The two-column approach to resolving life’s biggest questions

As Andrew noted last year, Wikipedia’s neutral-point-of-view doesn’t always cut it, especially when the topic at hand is particularly controversial. Should Guantanamo be closed? Is outsourcing a good thing? Should convicted pedophiles be electronically tagged? No easy answers to those questions, and rather than clicking through tit-for-tat editing at Wikipedia, why not move the conversation over to Debatepedia? This site, a project of the International Debate Education Association and a group of Georgetown University students and alums, offers a structured place for back-and-forth arguments. The result is so calm and rational it begs the question: Could Debatepedia set up a personal advice section, where we submit heavy personal questions — Should I break up with with my boyfriend? Should I withdraw from the presidential race? (hey, Mike Huckabee, we traced your IP address) — and allow fellow netizens to debate the pros and cons for us? Debatepedia founder and editor Brooks Lindsay will be with us in Miami to answer these and other questions.

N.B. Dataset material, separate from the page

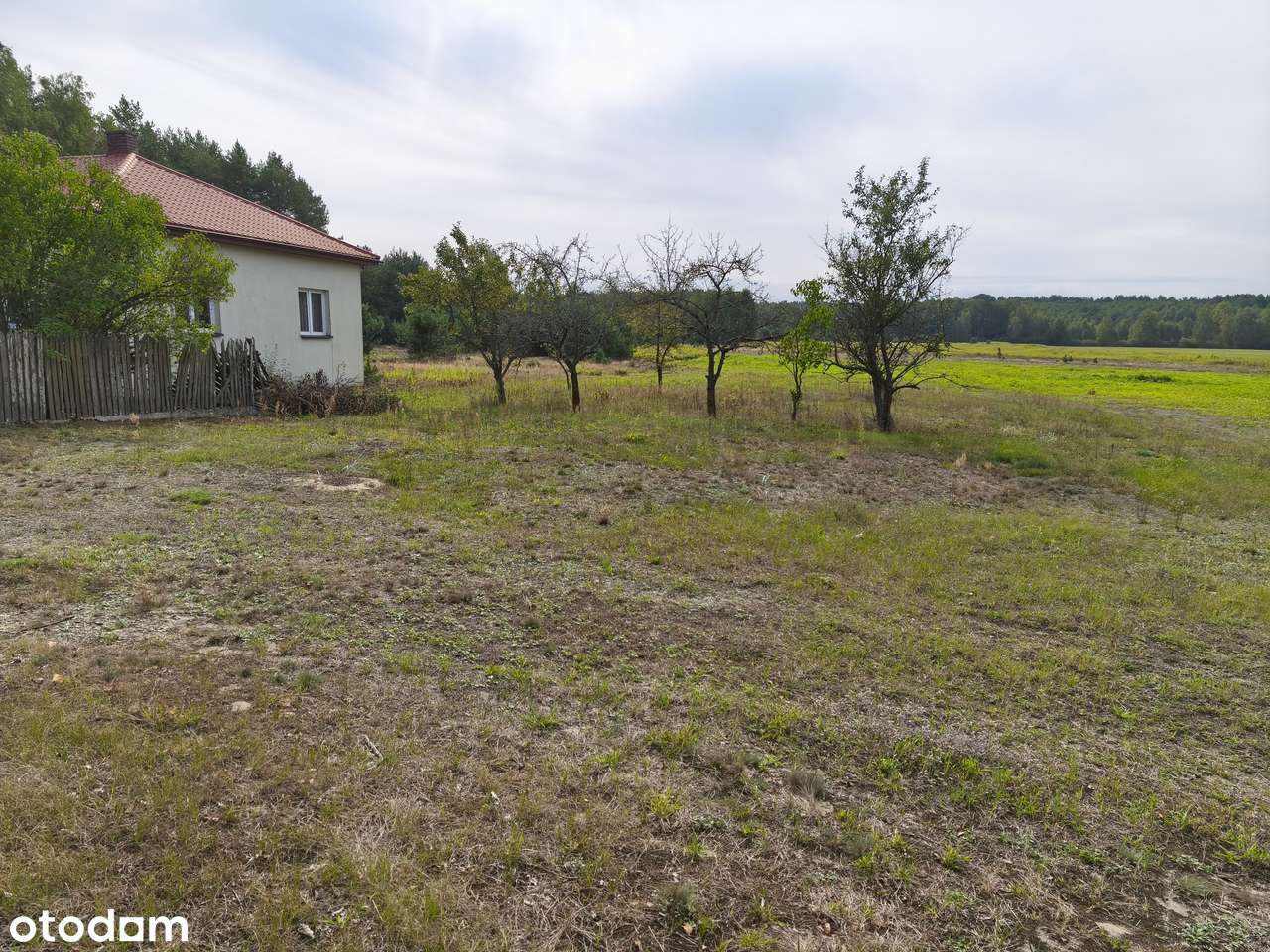 Działka budowlana w Ostrówku gm.Dąbrówka-1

Today he tells us why Debatepedia is the ultimate online tool:

brookslindsay.jpgDebatepedia is my favorite digital-deliberations tool, combining philosophy with personal conclusion-making. It’s a wiki that enables users to frame public debates, and the pro/con “logic-tree” structure allows for effective deliberation. By enabling the creation of argument pages (ordinary wiki pages with an argument “claim” as the title), we can gather quotes and evidence from a wide array of sources, see them laid out next to each other, and observe how people take the same evidence and deploy it differently. Then, we can see counter-arguments, with supporting evidence and quotes also gathered conveniently. These tools make public logic transparent and help us come to our own conclusions.

Our mission is to create an encyclopedia of debates and evidence. Obviously, this is an impossibly burdensome task — voila, the open-source solution. We want to do for debate and argumentation what Wikipedia has already done for the traditional encyclopedia. 

Indeed, Wikipedia has created an amazing, high-standard environment. The very structures and rules required for its organization inherently limit the type of debates we hope to foster at Debatepedia.  First, neutrality and consensus on Wikipedia are a problem when it comes to opposing points of view: The full expression of minority viewpoints is threatened by the “consensus” of the majority. On Debatepedia, the split-screen pro/con structure iprovides an equal place for the presentation of opposing cases with non-neutral language.

Secondly, Debatepedia’s pro/con logic-tree structure is specifically designed for weighing opposing sides and deliberating between them — a task all citizens and leaders must engage in, but for which Wikipedia does not offer a structural solution.

Thirdly, Debatepedia offers argument pages, where all the supporting evidence for a particular argument can be quoted and displayed en mass, instead of brushed over in a single sentence or single reference on Wikipedia.

In these ways, Debatepedia helps advance the wiki model beyond the limitations of Wikipedia to an arena vital to societal progress — public debate and deliberation.